L’action a été continue pour la force de vente, avec l’adoption de smartphones et de tablettes qui embarquent la solution de gestion commerciale ainsi que le CRM. Notre solution de e-commerce Magento sera adoptée peu à peu par toutes les filiales (Entrepôt du bricolage, Mauris, Samse). Elle sera entièrement déployée fin 2025.

Toujours des tensions sur les métiers ?
Laurent Chameroy

Nous avons plus de 400 postes à pourvoir sur notre site Internet, donc 300 en CDI ! Il y a du turn over, notre croissance à accompagner, des départs en retraite et un secteur qui souffre du manque d’attractivité auprès des femmes et des jeunes. C’est un casse-tête pour les petites agences où le chef d’agence doit jouer les remplaçants. Et on court le risque de mal recruter dans l’urgence. Ce problème de RH est le plus dur. Nous assurons des formations grâce à notre centre de professionnalisation. Les CQP ont commencé en 2005 et nous sommes certifiés Qualiopi depuis 2021. Il y a un investissement fort car c’est un levier de satisfaction pour nos collaborateurs. Nous avons également boosté nos alternants depuis 2019 car c’est un bon moyen de dénicher des pépites. Aujourd’hui nous en avons au moins 200 en poste et nous en recherchons encore 100.

Finalement, nos métiers sont attachants quand on les a découverts, grâce au côté humain que l’on a en agence.

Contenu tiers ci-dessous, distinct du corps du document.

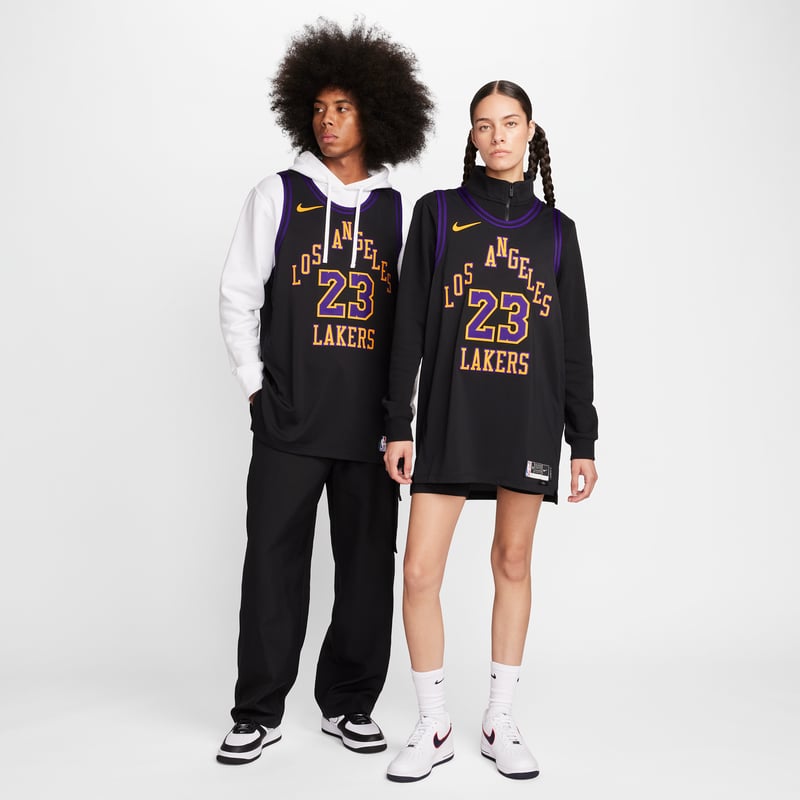 Majica Nike LeBron James Los Angeles Lakers City Edition Dri-FIT ADV NBA Authentic "Black" | Moški | Košarka | 08 | SPORTSHOWROOM
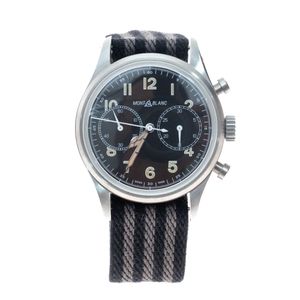 Relógio Montblanc 1858 Chrono Automático Preto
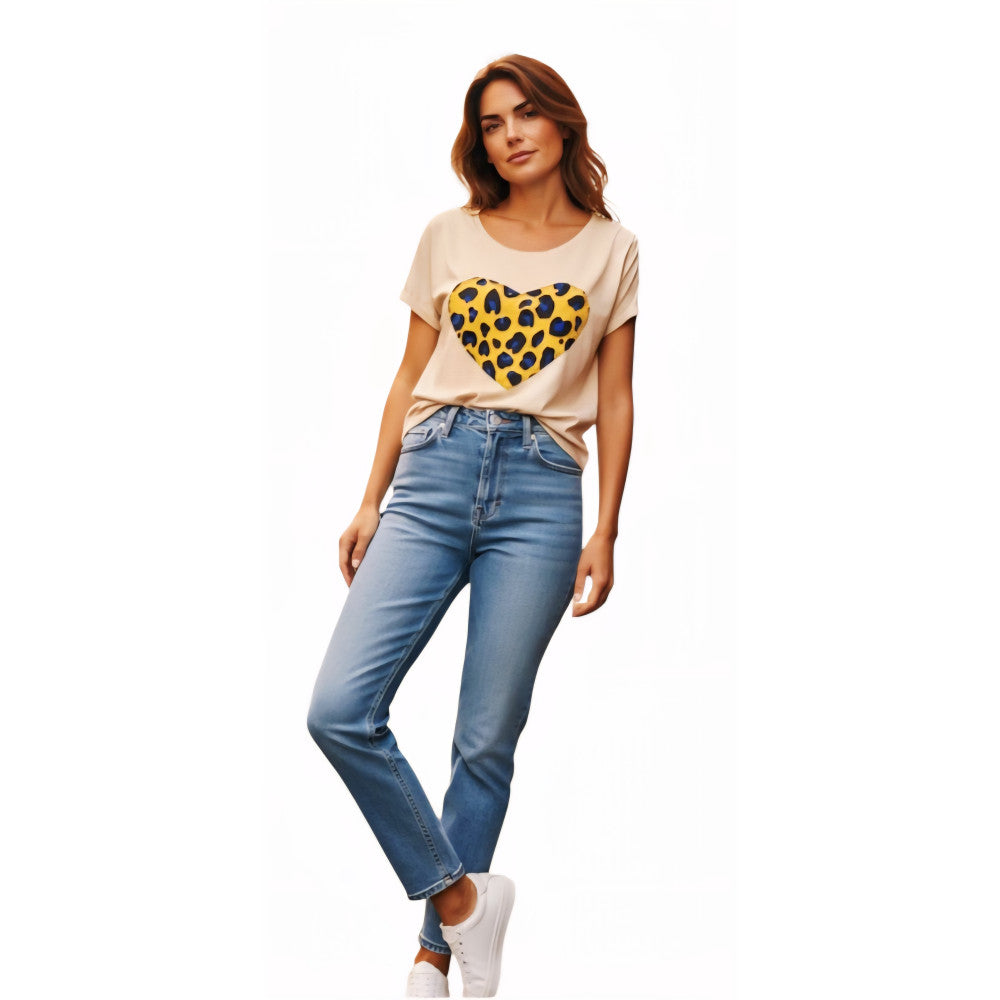 Giselle Yellow Heart Top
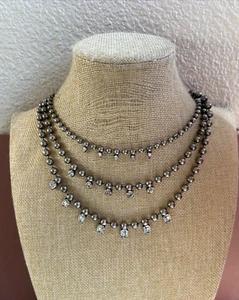 Stunning DANNIJO DAGNY Necklace Layered With Glass Gems 14" - Picture 1 of 11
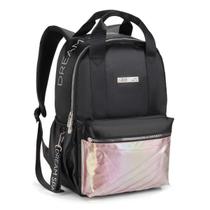Mochila De Costas 16" Metalizada Feminina Escolar Passeio Mochila De Costas 16" Metalizada Feminina Escolar Passeio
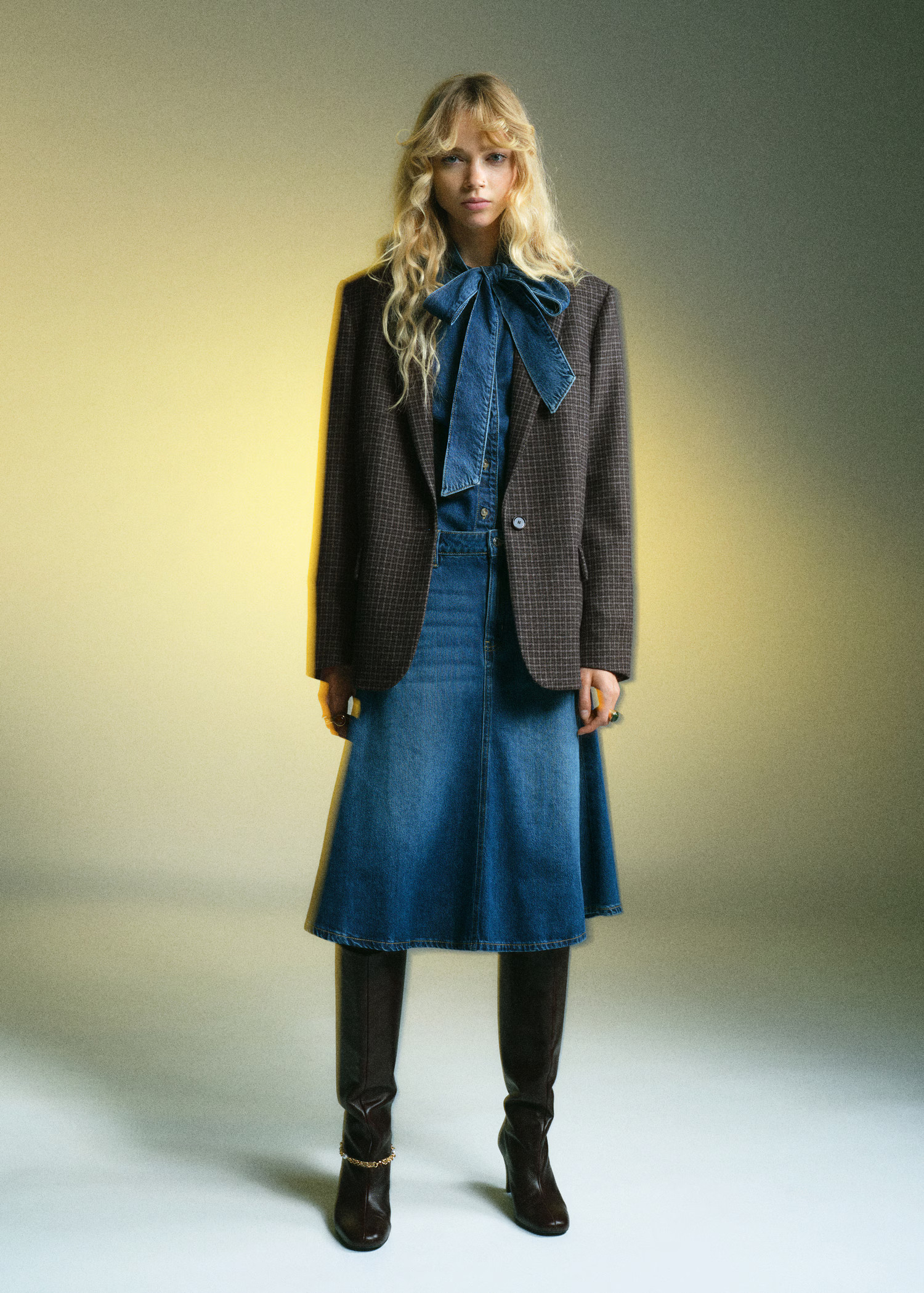 Wool check blazer | MANGO (UK)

Par rapport à la filière REP, comment vous situez-vous ?
Laurent Chameroy

Nous y travaillons. Après avoir consulté les 3 éco-organismes candidats, nous avons décidé de nouer un partenariat  avec Écomobilier, avec qui nous travaillons déjà sur l’activité bricolage. Plusieurs sites pilotes ont déjà été choisis, deux par enseigne et cinq pour Samse, afin de se préparer au déploiement de la REP. Nous sensibilisons les équipes et nous formons les managers. Il faudra revisiter nos métiers à l’aune du changement climatique.